A Tale of Two Mountains
Back in 1958, when I was fit enough to climb to the top of an Egyptian pyramid, I traveled with a group of biblical scholars to visit the ancient sites of the Middle East. A highlight of the trip was our sojourn at Mt. Sinai, where Moses is reputed to have received the Ten Commandments. We stayed at the 4th century monastery of St. Catherine and the next day climbed to Sinai’s summit. Frankly, due to the shallowness of my faith at that young age, I felt nothing of the awe I should have felt where the Bible says thunder, lightning and trumpet blasts once signaled God’s descent before a bedazzled Moses. Nevertheless, the view was impressive.
Had I been Jewish I probably would have been more sensitive to the holiness of the place, because God’s descent upon Mt. Sinai remains the literal and spiritual high point of Jewish history. For by there bestowing upon Israel the Ten Commandments, God challenged us all to advance beyond the way we are toward the way we ought to be. No longer were we to behave toward each other like predators. Henceforth we were expected to be reverent human beings – reverent about who and what we are and about our origin out of a God who is so much more than an idol of our own making; reverent toward our parents, reverent toward the lives, relations and property of other people; reverent regarding truth. In other words we were summoned to become moral beings, conscious of our responsibility for the whole of God’s creation.
Everything in the Old Testament either builds up to that moment of moral challenge on Mt. Sinai or describes the consequences of our failure to live up to it, to wit: the misery that comes of greed, war, tyranny, deceit and our blind fascination with things and potentates that are beneath our dignity to adore. I think if I had had something of this Jewish appreciation of Mt. Sinai on that day I reached its summit, I might have fallen to my knees instead of vacantly wandered about taking in the view.
For us Christians, of course, Mt. Sinai remains as pivotal as it is for Judaism, a watershed moment in the maturation of the human race. But we are also heirs to what happened upon another mountain, the Mount of the Beatitudes. Matthew’s Gospel sees in Jesus a new Moses, bearing all the characteristics of his predecessor – including the ascent of a new Sinai where he shifts the Law of Moses into higher gear, deepening its demands, challenging us not to be simply just to one another but as mutually merciful as our heavenly Father is merciful.

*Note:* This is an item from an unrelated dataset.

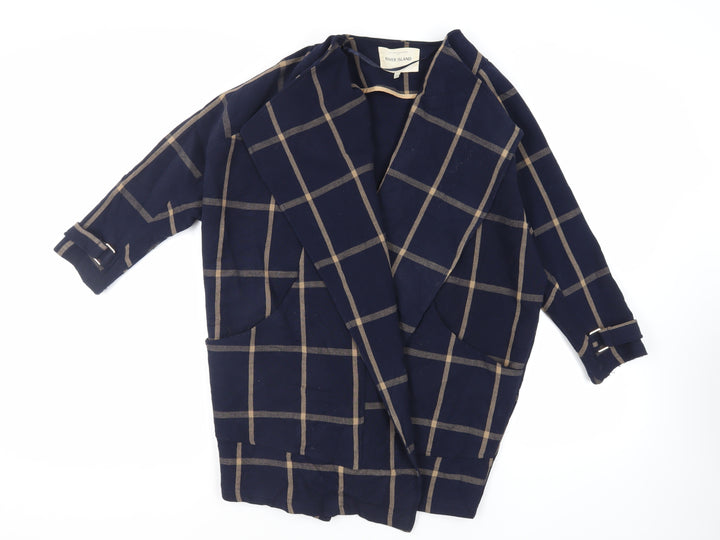 River Island Womens Blue Check Overcoat Coat Size 8 - Open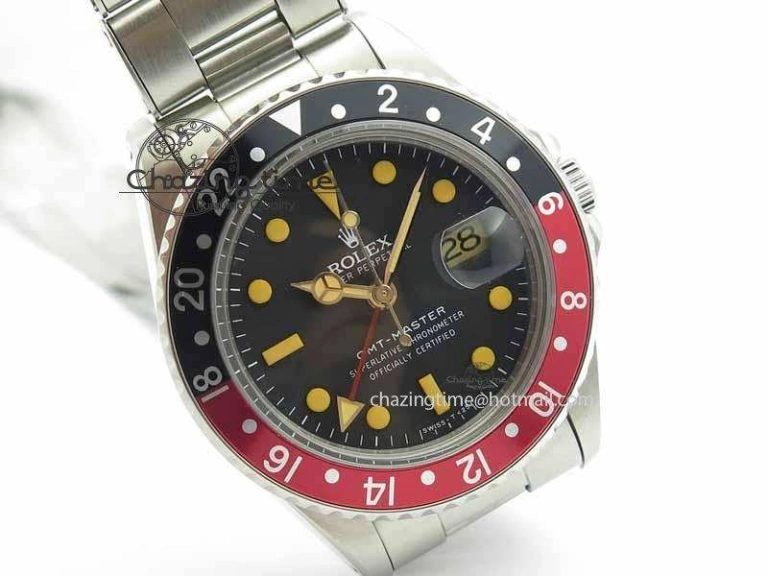 GMT-Master Vintage 1675 SS BP Best Edition Black Red Bezel Patina Markers A Fashionable 3751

And the wonderful thing about our Christian Sinai is – no Law inscribed in stone was delivered to us by a God too bedazzling to be looked upon! No! This time we were presented with God’s Law made flesh in the person of Christ! No longer did we have to read about how we ought to be. Now in Christ we could observe how we ought to be – contemplate God’s own life style made manifest in the words, the behavior, the graciousness of Jesus. Nor was that the end of it, for having perpetuated himself among us in the bread and wine of the Eucharist, Christ has made God’s life style something we may actually assimilate, imbibe. All of which seems to fulfill Moses’ own sense of how God’s Law might one day penetrate to our very core – when he said: This command which I enjoin on you is not somewhere up in the sky, that you should say, “Who will go up to get it for us, that we may carry it out?” Nor is it across the sea, that you should say, “Who will cross the sea to get it for us, that we may carry it out?” No, it is something very near to you, already in your mouths and in your hearts; you have only to carry it out.